Fix race condition in CancellableRateLimitedFluxIterator by nicktindall · Pull Request #141323 · elastic/elasticsearch

nicktindall · 2026-01-27T02:11:21Z

When an error occurs with the download, the reactive framework calls org.elasticsearch.repositories.azure.CancellableRateLimitedFluxIterator#onError which sets done=true, then clears the queue, then sets error=t.

It's possible that hasNext sees the done=true but doesn't see the error=t which will mean hasNext can return false, which we take to mean we've reached the end of the sequence of chunks, when in fact the iteration terminated due to an error. hasNext should throw the error in this case so the consumer knows they've read an incomplete sequence.

This iterator terminates with an error rather infrequently because currently we rely on retries in the Azure client (i.e. we'd only see it terminate with an error once the configured retries are exhausted). With the shift to using the common retry infrastructure, this code path will be executed for every individual failure, so it becomes more likely that we will hit this race condition.
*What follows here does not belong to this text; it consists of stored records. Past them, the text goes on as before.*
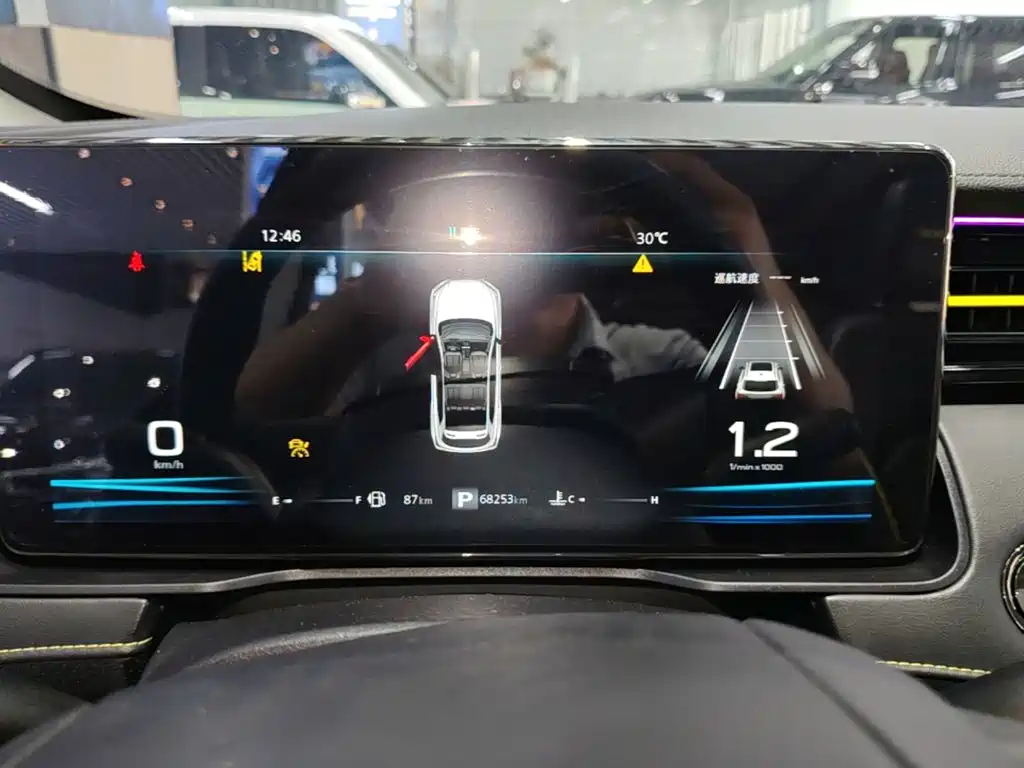 Roewe RX5 — миниатюра 12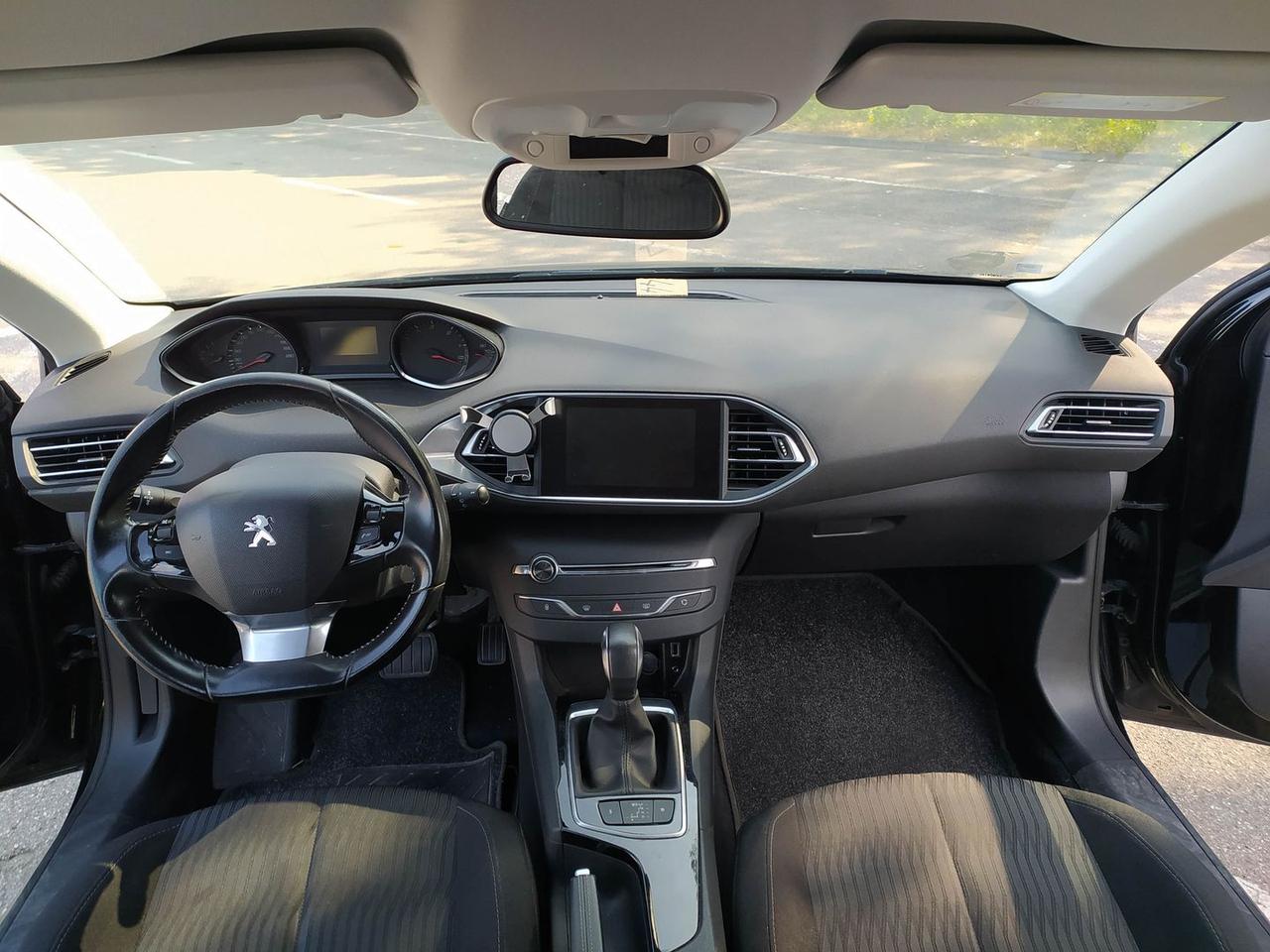 Peugeot 308 GT Line 1.6 Blue HDI 120 #6324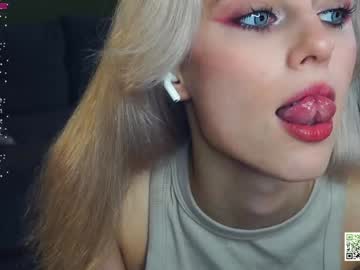 girl
        audreycarvin cam image #4728201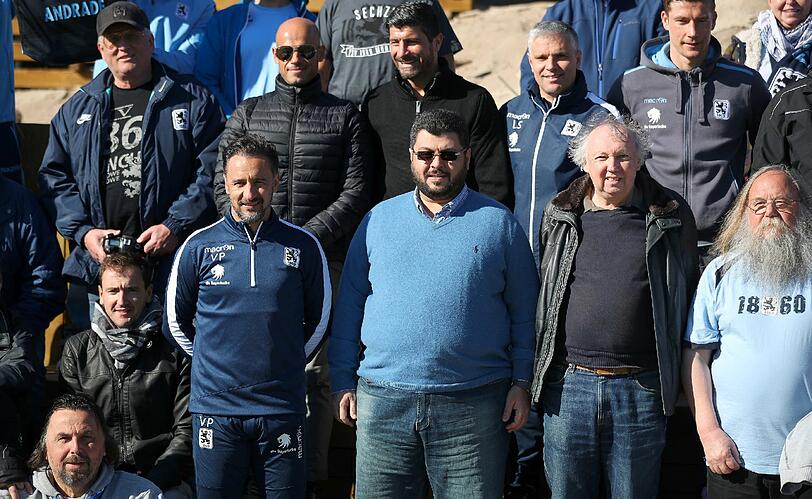 Am Montagmittag kam Löwen-Investor Hasan Ismaik im Trainingslager des TSV 1860 an und sprach zuerst mit Fans und Trainer Vitor Pereira. Die Bilder vom Besuch.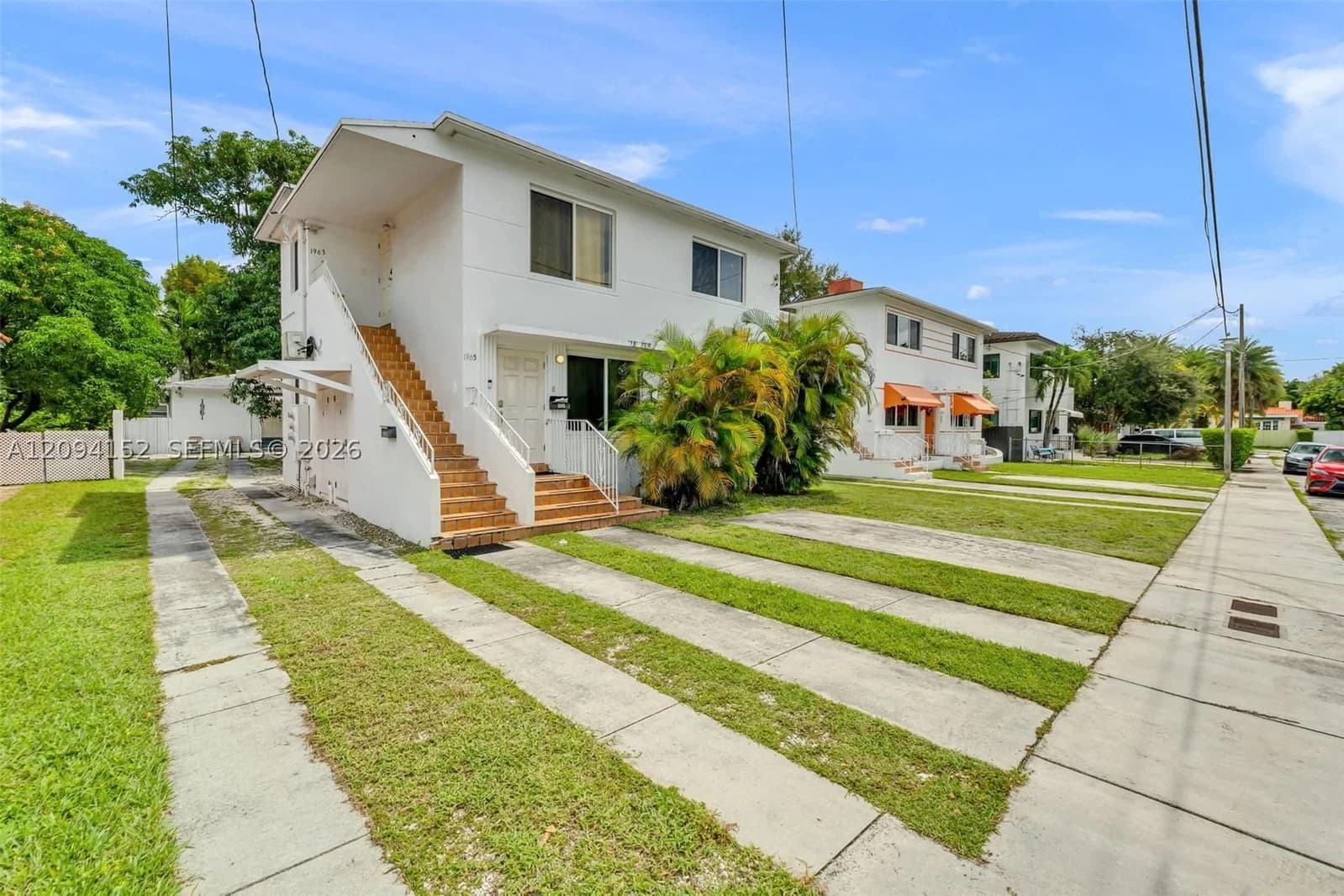 Mülk — 1963 17th Ct, Miami, FL 33145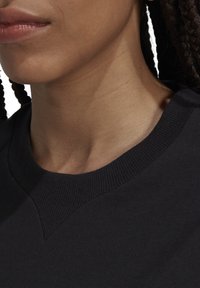 adidas Sportswear LOGO T-SHIRT - T-shirts med print - black/white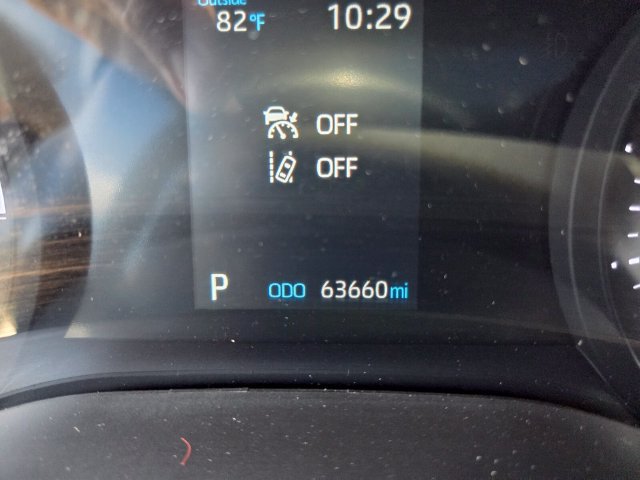 Used 2023 Toyota Sienna XLE FWD image 30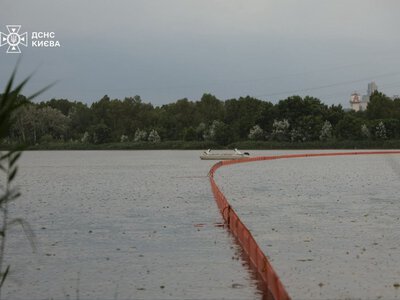Мінекономіки: Через атаку РФ у Києві понад 350 тонн нафтопродуктів та емульсії потрапили у Кирилівське озеро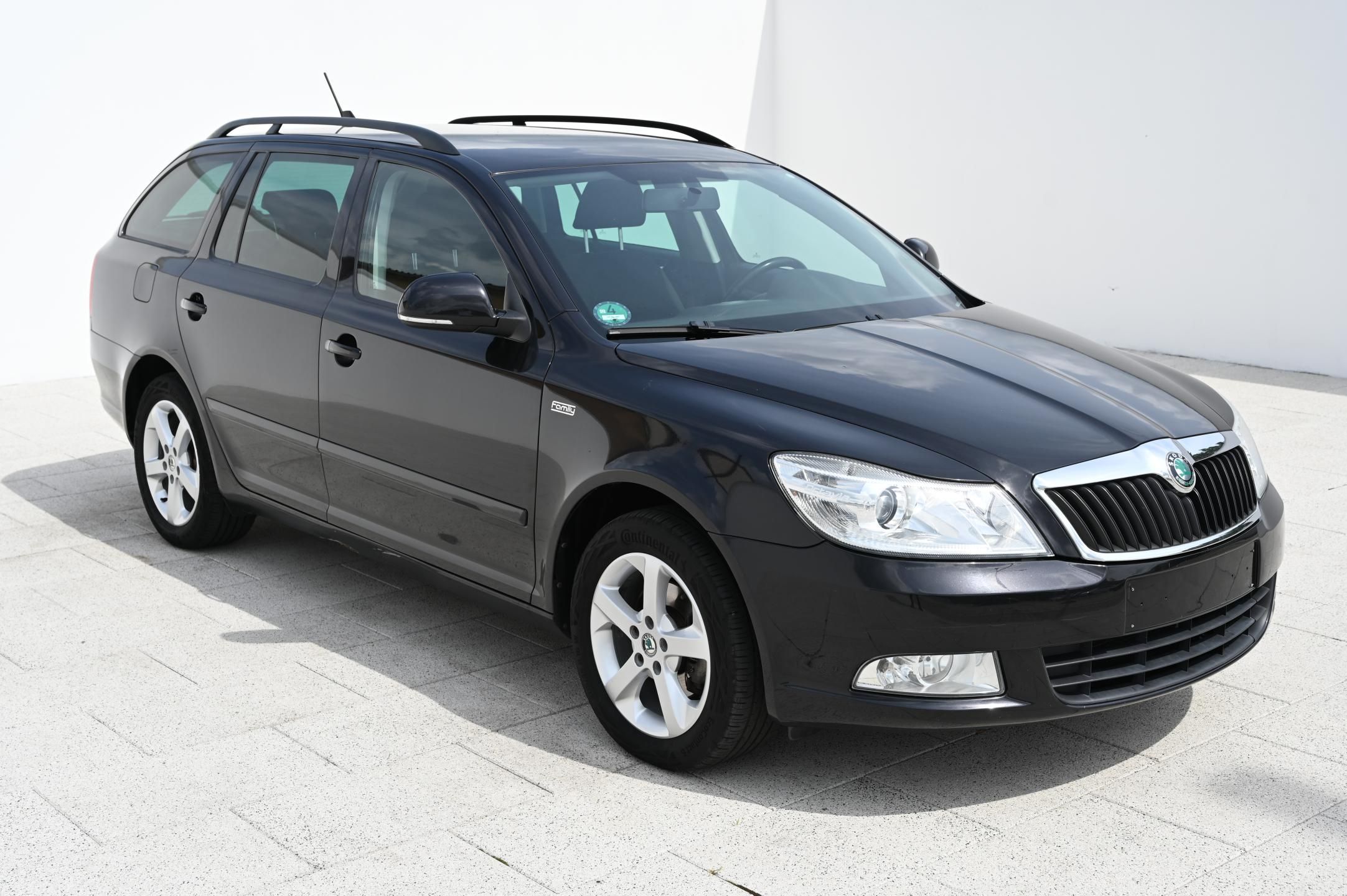 Škoda Octavia, 2.0TDI 81KW Family 7/2011 - fotka 3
This change modifies the update to done and error to make it atomic. This will remove the above edge case.

elasticsearchmachine · 2026-01-27T02:11:58Z

Pinging @elastic/es-distributed-coordination (Team:Distributed Coordination)

elasticsearchmachine · 2026-01-27T02:12:21Z

Hi @nicktindall, I've created a changelog YAML for you.

nicktindall · 2026-01-27T02:16:55Z

...e/src/main/java/org/elasticsearch/repositories/azure/CancellableRateLimitedFluxIterator.java

-            cancelSubscription();
-            signalConsumer();
+            if (doneState.done() && doneState.error() != null) {
+                throw new RuntimeException(doneState.error());


It's possible we responded true to hasNext() then an error occurs between then and the call to next(). We'd have cleared the queue in the meantime, meaning we end up here. If that is the case, just throw the error that occurred.

Note that in onError we set the doneState THEN call clearQueue, so in the above scenario, if we see an empty queue here, we'll see the error in doneState. It may mean that we allow consumption of an item after the error occurs, but that's not a big deal because the caller will receive the error on their next call to hasNext.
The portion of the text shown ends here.